It will look nice when you are finished. AFV CLub kits are interesting. I find the plastic hard to work with and it makes assembly more time consuming. Also the small parts have lots of big sprue attachment points to remove and clean up, which is compounded by the crappy quality of the plastic. I built the Trumpeter kit and it went together very nicely with no problems at all. AFV's kits are a bit more accurate, though. I think both AFV and Trumpeter seemed to work from prototype or early production vehicles but AFV is more like the actual in service Stryker. All Strykers in combat zones are fitted wtih slat armor. At least in Iraq the armor was fitted in Kuwait (?) before the vehicles were sent into action.
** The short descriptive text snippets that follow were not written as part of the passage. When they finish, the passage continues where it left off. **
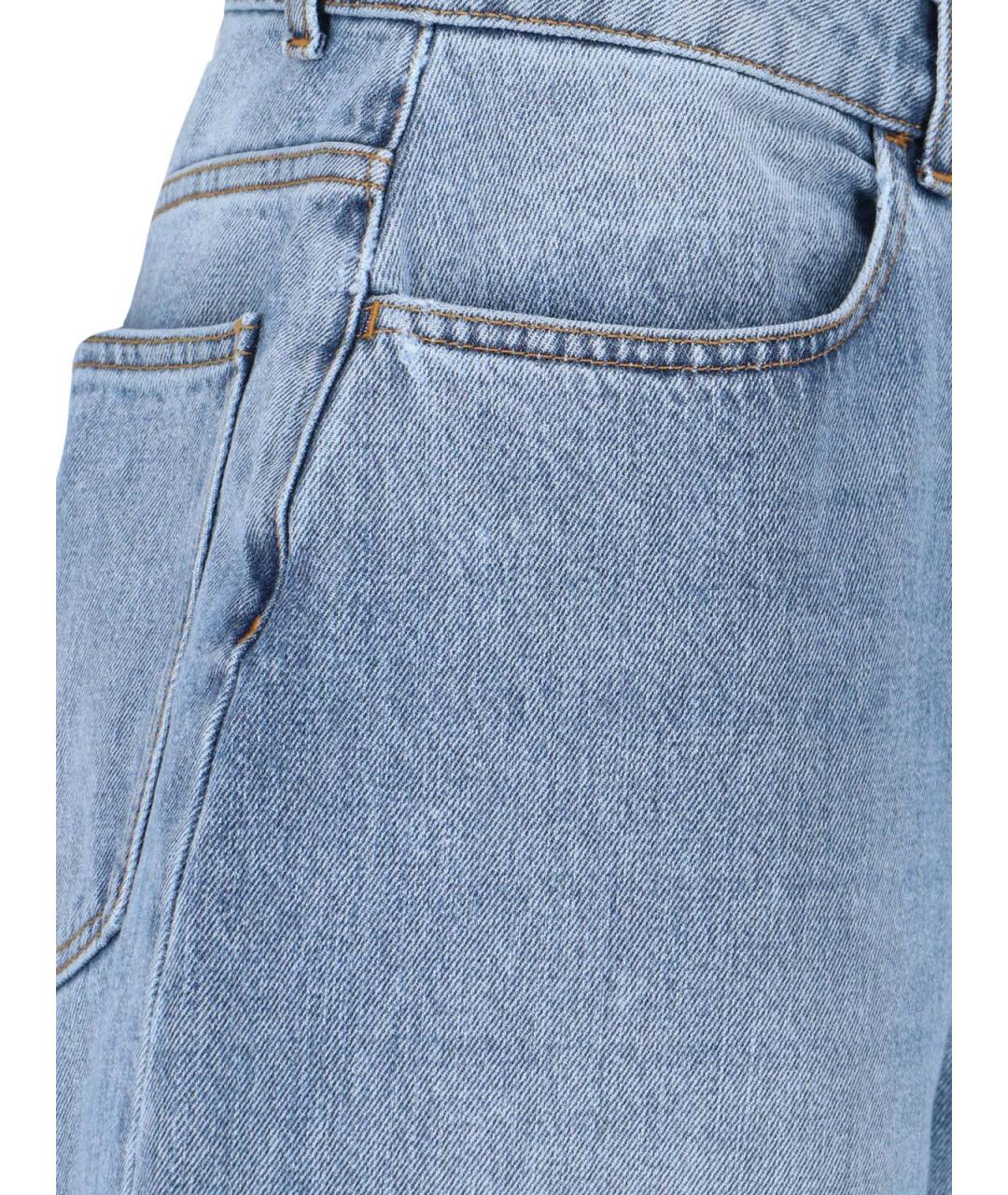 ROHE Синие хлопковые прямые джинсы, фото 4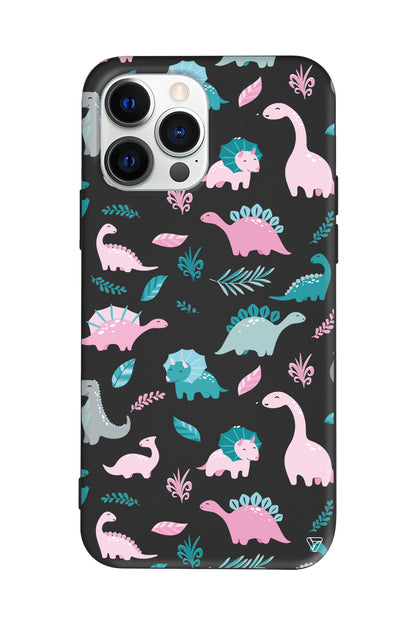 Pembe Dinazor Lansman Model İçi Kadife Silikon Telefon Kılıfı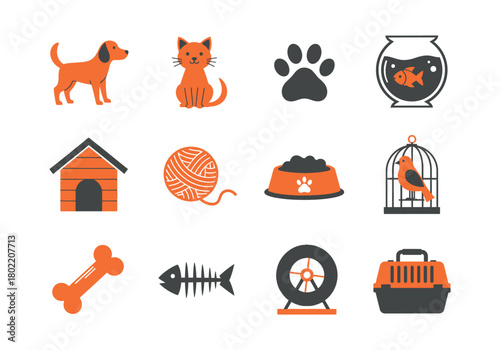Collection of cute orange and grey pet icons including a dog, cat, paw print, fishbowl, dog house, yarn ball, food bowl, birdcage, bone, fish skeleton, hamster wheel, and carrier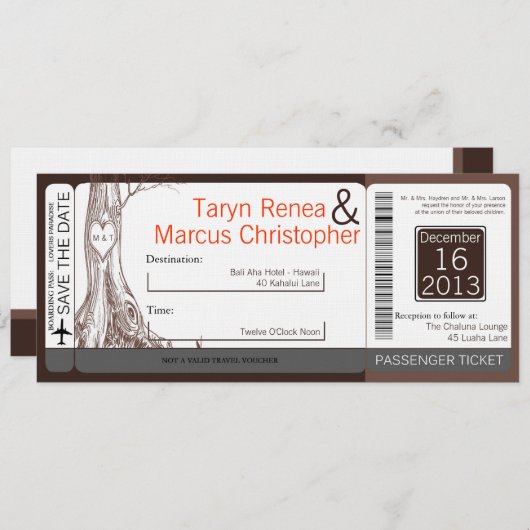 Boarding Pass Linen Wedding Invitation Herfst Tree Kaart (Voorkant / Achterkant)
Only stateside vehicles may not have the armor. 

Dragon has a Stryker kit in the works with slat armor, although I have not heard much about it for a while. It was supposed to be out after the Trumpeter kit but before the AFC Club kits.

Yes the color is not OD. US tanks have not been OD for 40 years. And most available OD paints are not the proper armor color anyway, being airplane shades. I would use a dark green or even something like Testors Marine Corps Green. When I built the Trumpeter kit, I used Tamiya Deep Green and then weathred it out with pastels.


----------



## Pete McKay (Dec 20, 2006)

Dj, talked with a guy in a Stryker unit in Ft. Lewis, he said that the color is cloest to 34095 Field Green (he was a modeler too). He said that the AFV kit is better for accuracy, this guy see's them all day long so I'll take his word for it. Mine is coming along nicely but with it all buttoned up it will be just a display piece.


----------



## djnick66 (May 2, 2008)

Yes the AFV kit is more accurate but harder to build with poor plastic. But you will get a much nicer model when it is done. One nice thing with the Trumpy kit was it came with a big sprue of stowage... rolled nets, back packs, cots, etc. Saves you buying some expensive resin stuff.


----------



## Pete McKay (Dec 20, 2006)

Stowage is expensive, almost worth spending $30 for just the kit since the Verlinden stuff is nearly that already, that way you get a spare tire or two, etc.


----------



## djnick66 (May 2, 2008)

You might want to just drop the $10 or so for Tamiya's modern US armor accessories set. It has IFF panels, bed rolls, ruck sacks, etc. 

http://www.anticsonline.co.uk/l.aspx?k=1096682

Tamiya makes an older set that is less useful as it represents early 80s equipment and uniforms

http://www.hobby57.com/photos/TAMI35141.jpg

Most of the current plastic modern US figures are not suitable for anything from Iraq or Afghanistan either. They represent 80s vintage soldiers. The uniforms today are not the same (not just the camo colors but the cut) and web gear, etc. and even guns are different. Trumpeter has some POOR Modern US Marines. I think Dragon makes one set of modern Marine radio operators. Even a lot of the resin figures, like Verlindens are a crude mix of old Desert Storm vintage equipment and uniform details with more modern stuff.


----------



## Ian Anderson (Jan 24, 2011)

"HAY PETE"...Just Checking on you here, where all wondering where you have been keeping your self over in Model Cars, But We know as well you have this build Pending and it will take some time to finish, LOOKING GOOD AS WELL, I don't know if I would use the side racks you made my self as well, Even know they look great, But both ways will be just as good I'm Sure, You are "A MATER BUILDER PETE", so I hope these guys over here can see that buy now, IF NOT, I'M TELLING YOU GUYS THAT IS A FACT,...Be keeping Are eye out on the progress here as well Pete,......So, Remember to .....
"NOT FIRE tell you see the whites of there eyes"......"HURRAH"..And,...Simplify Soldier,......LOL...
that's all I have for My "VERY LIMITED" Warrior Slang here dude,...HE, HE, HE.........I will go back to my Hole now Pete, and let you get back to boot camp here.....

Ian


----------



## Pete McKay (Dec 20, 2006)

Been pretty ill the last week, off my meds and some other problems. Project hasn't been shelved but it has been placed back in the closet until I get better.


----------



## Ian Anderson (Jan 24, 2011)

Hope you feel better soon Pete, wouldn't be the same with out you here with out a doubt. As well as I hope passover when well for you to Pete, See you when you feel better..WE WILL BE HERE.

Ian


----------



## Ian Anderson (Jan 24, 2011)

Hay I have a Quick Question for you if your still there Pete, Been looking for some Pre-wired Distributors and even know I'm going to get some of these on this site, I NEED a 1:16 scale Pre-wired Distributor, Besides Mega, WHO DO YOU USE ? or where should I go to look for that scale. http://www.modelroundup.com/product-p/pp-3003.htm

Ian


----------



## Pete McKay (Dec 20, 2006)

Wow, Ian, not sure about 1/16th scale. Let me look around and I'll either PM you or get back to you on the model car side.


----------